Besides, who the heck wants to deal with the masses of people and nose-to-tail traffic moving with all the alacrity of tree sap just because the pizza is good? Not me.
So what took me to New York? Buick invited me to a first-drive media event of its all-new Verano.
Compact in size, the Verano is a luxury sedan targeting cars such as the Lexus IS 250. It is powered by a 180-horsepower 2.4-liter Ecotec four-cylinder engine that sends output to the front wheels via a driver-shiftable, six-speed automatic transmission. It will scoot from 0-to-60 in less than 9 seconds and has a highway fuel economy rating of 31 mpg. It has 10 air bags.
Going to New York City to test drive a car is something akin to going to Phoenix to learn how to make snowballs.
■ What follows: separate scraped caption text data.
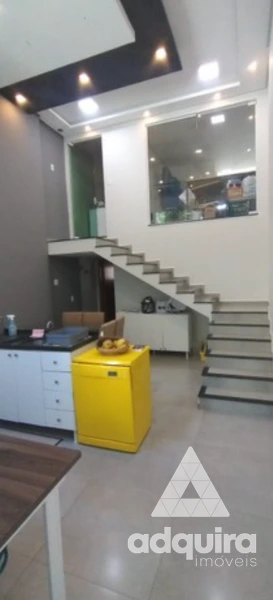 Foto Sobrado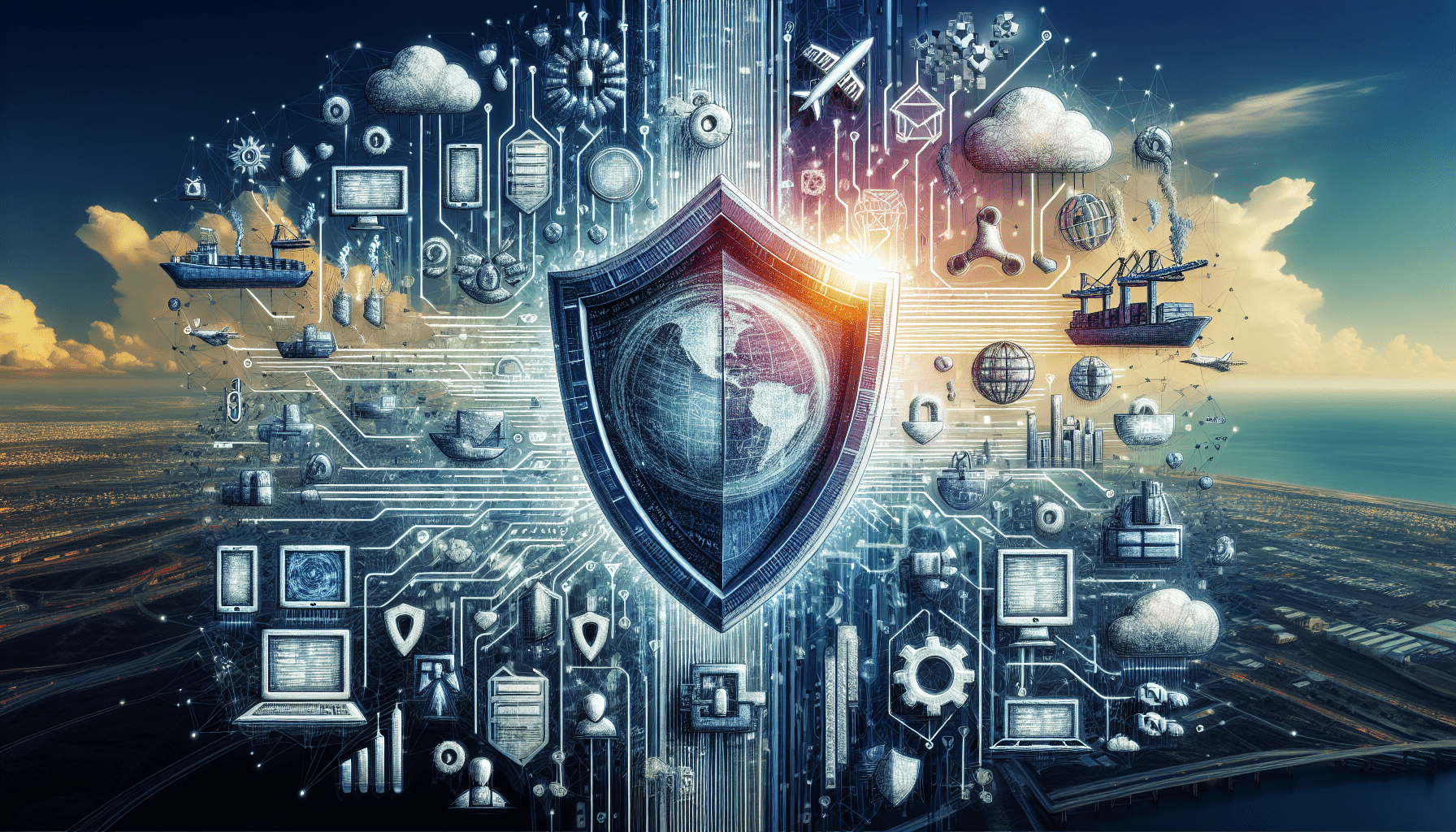 The Future of Importer Security Filing in a Digital Trade Environment
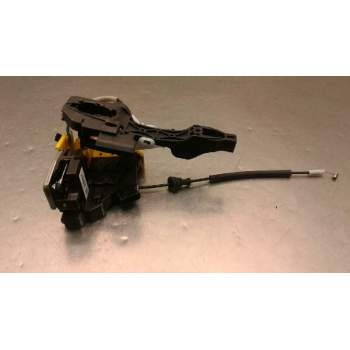 Recambio de cerradura puerta delantera derecha para kia cee´d concept referencia OEM IAM 81320A2310  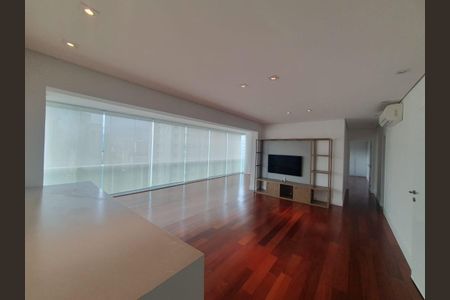 Apartamento à venda com 2 quartos, 125m² em Itaim Bibi, São Paulo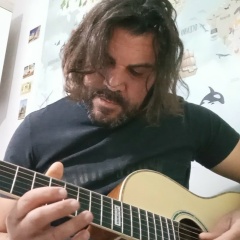 Eron Martins, São Paulo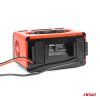 Nabíječka batérií 20A 6V 12V, AMiO 04057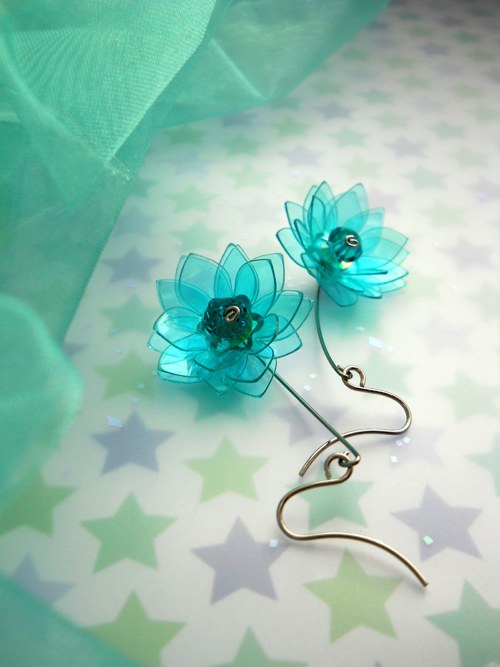 Lotosky BlueZircon — foto 2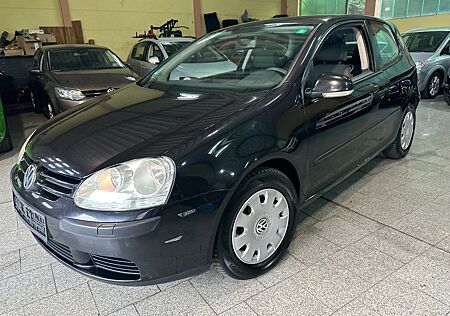 VW Golf Volkswagen V Lim. Trendline 1.9*TÜV NEU*NAVI*KLIMA*1.H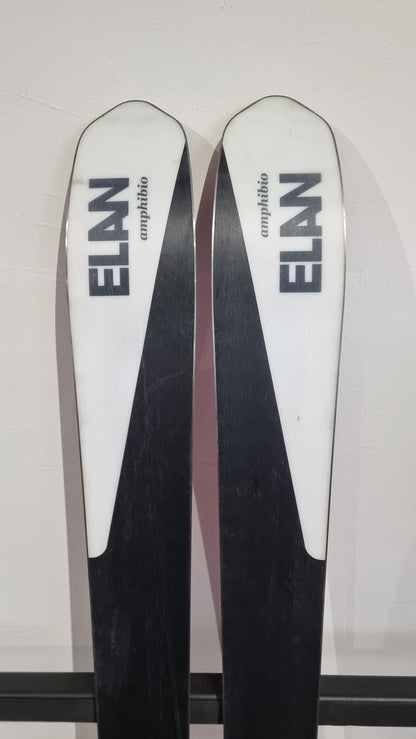 Elan Amphibio Spectrum 105 187cm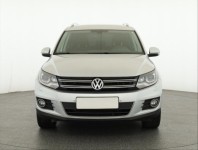 Volkswagen Tiguan  2.0 TDI 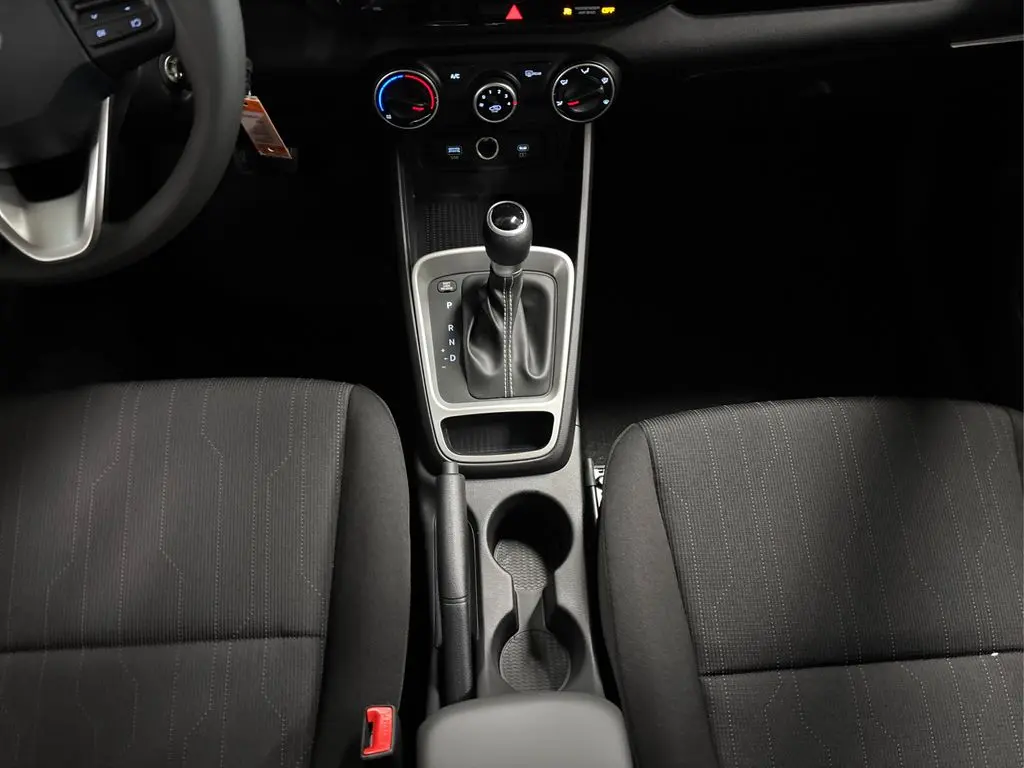 2026 Hyundai Venue - $23,445
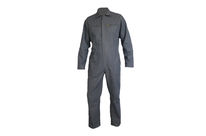 Combinaison de travail Typhon Gris 100% Coton 
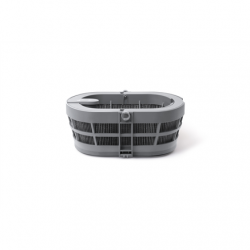 Ecovacs Humidifying filter  for AIRBOT Z1 KJ-FI01-0013 Grey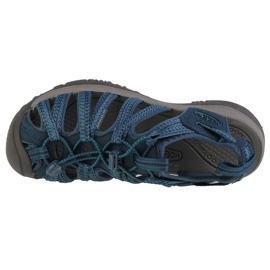 Sandale Keen Whisper W 1022809 albastru 2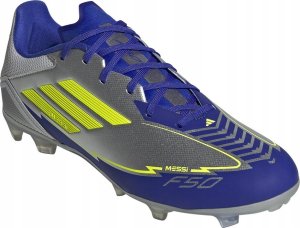Buty adidas F50 League FG/MG IH0918 6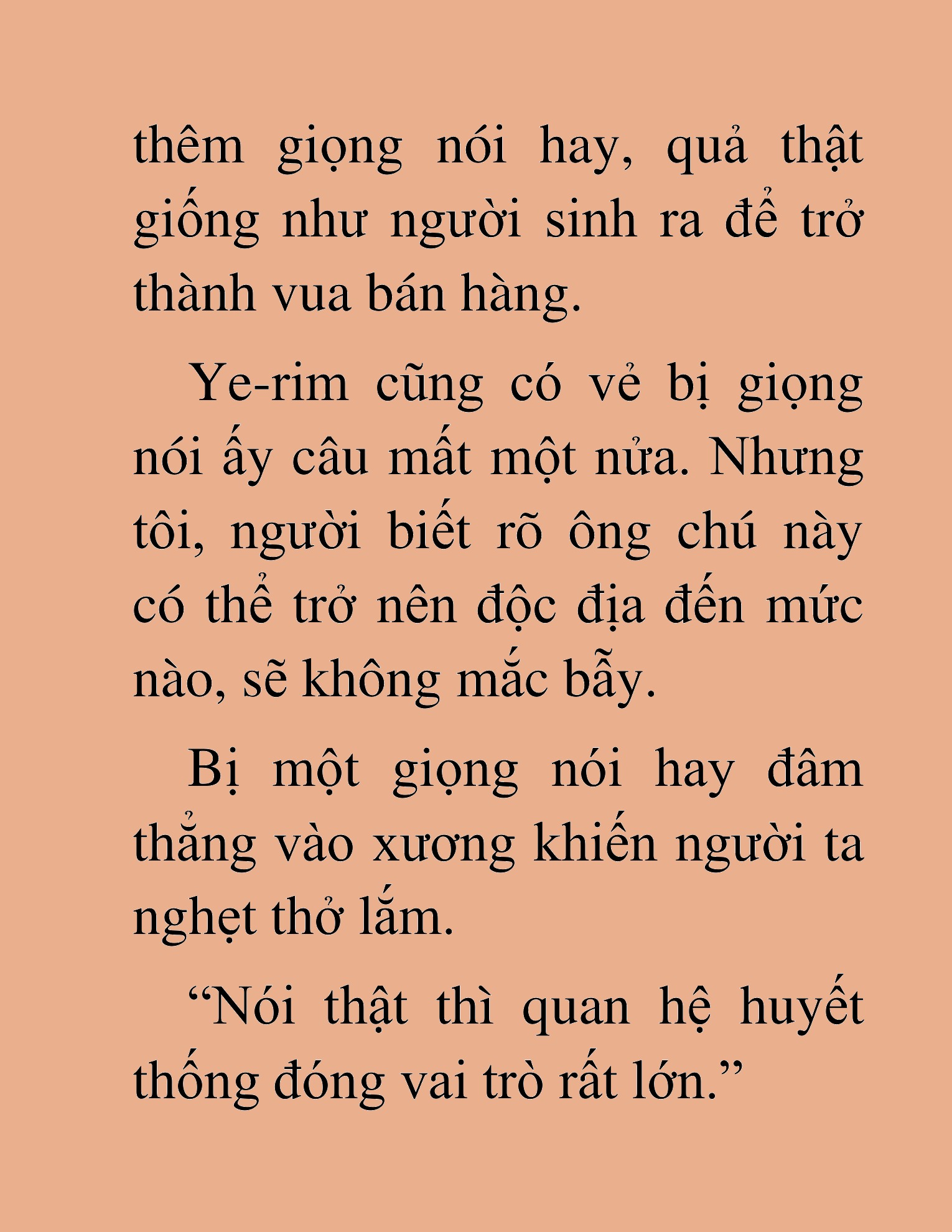 Đọc truyện HAT[NOVEL] Những Thợ Săn Cấp S Mà Tôi Nuôi Dưỡng - Chap 33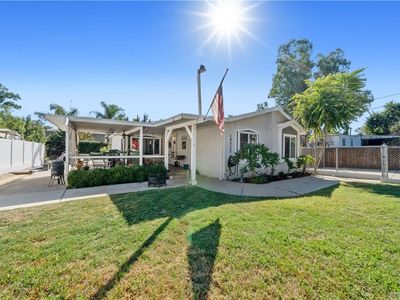 18535 Acacia Ave, Lake Elsinore, CA, 92532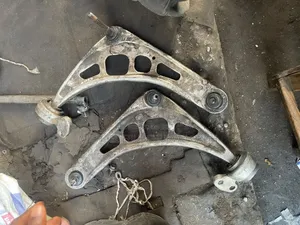 BMW E46 Lower Arms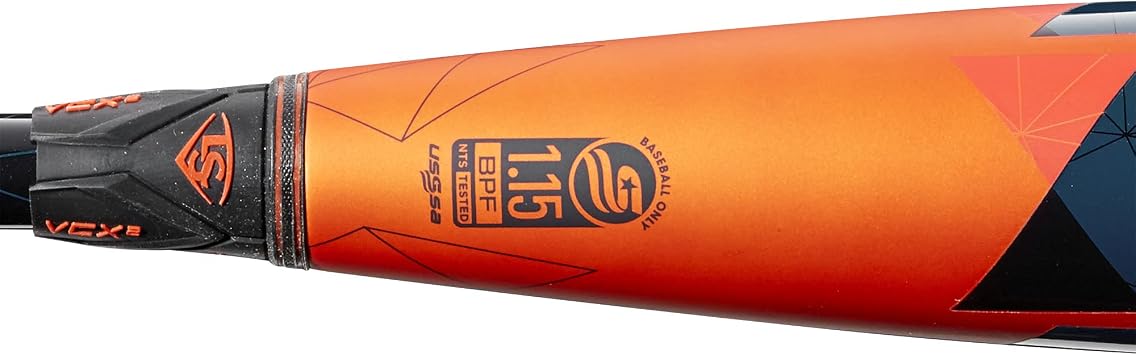 Louisville Slugger 2022 Meta USSSA Youth Baseball Bat - (-10,8,5)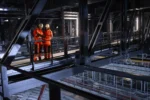 Winter werkkleding voor heren in Ardooie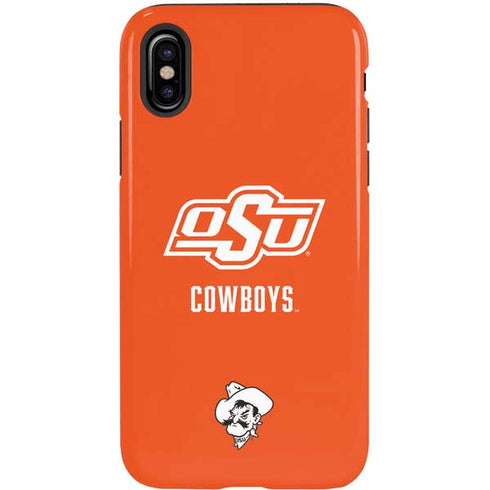 Oklahoma State University Vintage iPhone X Pro Case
It doesn't make a lot of sense.
Previously I had been on a couple of other car manufacturer ride and drives in NYC. The most notorious was the Chrysler launch of its three cab-forward LH sedans -- Chrysler Concorde, Dodge Intrepid and Eagle Vision -- in 1992, I think. A two- or three-day event that included driving all three sedans, it had journalists slogging around the congested streets of the city for hours. It was miserable.
Sprinkled among the hours of nerve-racking driving were stops for tours of the Concorde jet and the USS Intrepid aircraft carrier. The clever diversions didn't help.
So I wasn't excited to learn New York City would be the venue for the Verano launch. I could have attended the West Coast Verano program; it was in the Portland, Oregon area. Unfortunately I had a travel conflict.
The day I flew into LaGaurdia, it was pouring rain. Driving from the airport to the Empire Hotel took well over an hour.
As I have grown older, I have somewhat mellowed. If you can't do anything about a situation, it's far less stressful to just roll with the punches. I was doing a lot of rolling that afternoon.
My room at the Empire was nice enough. The bathroom, however, was so miniscule that when the door was open, it completely blocked the toilet. You had to enter the bathroom, crowd against the shower stall and push the door closed to use the potty. There was no counter around the sink. For a surface on which to put my bag of toilet articles, I had to close the toilet-seat lid and use it. I'm not kidding.
Sleep that night was a highly prized commodity. The racket filtering up to my fourth-floor window was relentless. Drowned out by the three-times-an-hour sirens or the beeping of a reversing garbage truck was what sounded like a slowly spinning 50-gallon drum with a half-dozen ball bearings rolling around inside. I'm assuming it was a malfunctioning air handler unit of some sort. It went on all night long.
When we went to dinner that night, we discovered what we think motivated Buick to choose NYC as the East Coast launch venue: the Kefi restaurant. Apparently, Buick has some sort of relationship with its owner/chef and decided to hold an event where Kefi could be included in the itinerary. Greek cuisine is the specialty of the house, but you couldn't prove it by my experience. I had a perfectly grilled filet mignon in a spectacular red wine sauce. Among the appetizers were the best meatballs I've ever had. These things practically melted in my mouth.
How is the new Verano? On what turned out to be a better driving route -- not great, but acceptable -- than I expected, I found the new Verano to be remarkably quiet and surprisingly athletic. Quick and surefooted, it is crammed with technology and offers a rich variety of high-tech options for its comfortable interior. With a starting price of $23,470, including destination charges, it is a value as well.
Even New York couldn't diminish my first impression of Verano.